_TRY IT:_ Return all the lines below, exactly as they read.

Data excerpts
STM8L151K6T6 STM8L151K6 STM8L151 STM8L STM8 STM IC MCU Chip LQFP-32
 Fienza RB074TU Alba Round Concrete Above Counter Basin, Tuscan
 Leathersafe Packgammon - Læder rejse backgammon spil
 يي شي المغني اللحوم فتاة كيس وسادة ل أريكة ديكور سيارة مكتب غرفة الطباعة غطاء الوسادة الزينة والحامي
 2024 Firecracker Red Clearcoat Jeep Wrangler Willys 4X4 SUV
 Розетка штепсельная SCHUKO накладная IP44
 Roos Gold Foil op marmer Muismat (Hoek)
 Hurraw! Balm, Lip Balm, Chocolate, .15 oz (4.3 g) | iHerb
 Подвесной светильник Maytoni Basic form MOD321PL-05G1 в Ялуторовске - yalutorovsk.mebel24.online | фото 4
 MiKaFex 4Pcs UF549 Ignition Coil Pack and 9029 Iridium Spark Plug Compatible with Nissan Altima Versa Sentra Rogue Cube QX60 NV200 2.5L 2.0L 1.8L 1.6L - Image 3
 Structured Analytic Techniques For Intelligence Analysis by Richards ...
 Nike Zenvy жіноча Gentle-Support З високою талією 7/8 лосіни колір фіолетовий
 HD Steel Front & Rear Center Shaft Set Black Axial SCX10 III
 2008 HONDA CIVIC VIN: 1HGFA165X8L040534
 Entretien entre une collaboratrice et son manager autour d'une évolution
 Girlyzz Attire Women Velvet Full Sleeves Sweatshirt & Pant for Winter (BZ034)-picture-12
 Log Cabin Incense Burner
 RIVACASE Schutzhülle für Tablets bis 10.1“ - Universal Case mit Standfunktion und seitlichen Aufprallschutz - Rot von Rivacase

_WRITTEN REPLY:_
STM8L151K6T6 STM8L151K6 STM8L151 STM8L STM8 STM IC MCU Chip LQFP-32
 Fienza RB074TU Alba Round Concrete Above Counter Basin, Tuscan
 Leathersafe Packgammon - Læder rejse backgammon spil
 يي شي المغني اللحوم فتاة كيس وسادة ل أريكة ديكور سيارة مكتب غرفة الطباعة غطاء الوسادة الزينة والحامي
 2024 Firecracker Red Clearcoat Jeep Wrangler Willys 4X4 SUV
 Розетка штепсельная SCHUKO накладная IP44
 Roos Gold Foil op marmer Muismat (Hoek)
 Hurraw! Balm, Lip Balm, Chocolate, .15 oz (4.3 g) | iHerb
 Подвесной светильник Maytoni Basic form MOD321PL-05G1 в Ялуторовске - yalutorovsk.mebel24.online | фото 4
 MiKaFex 4Pcs UF549 Ignition Coil Pack and 9029 Iridium Spark Plug Compatible with Nissan Altima Versa Sentra Rogue Cube QX60 NV200 2.5L 2.0L 1.8L 1.6L - Image 3
 Structured Analytic Techniques For Intelligence Analysis by Richards ...
 Nike Zenvy жіноча Gentle-Support З високою талією 7/8 лосіни колір фіолетовий
 HD Steel Front & Rear Center Shaft Set Black Axial SCX10 III
 2008 HONDA CIVIC VIN: 1HGFA165X8L040534
 Entretien entre une collaboratrice et son manager autour d'une évolution
 Girlyzz Attire Women Velvet Full Sleeves Sweatshirt & Pant for Winter (BZ034)-picture-12
 Log Cabin Incense Burner
 RIVACASE Schutzhülle für Tablets bis 10.1“ - Universal Case mit Standfunktion und seitlichen Aufprallschutz - Rot von Rivacase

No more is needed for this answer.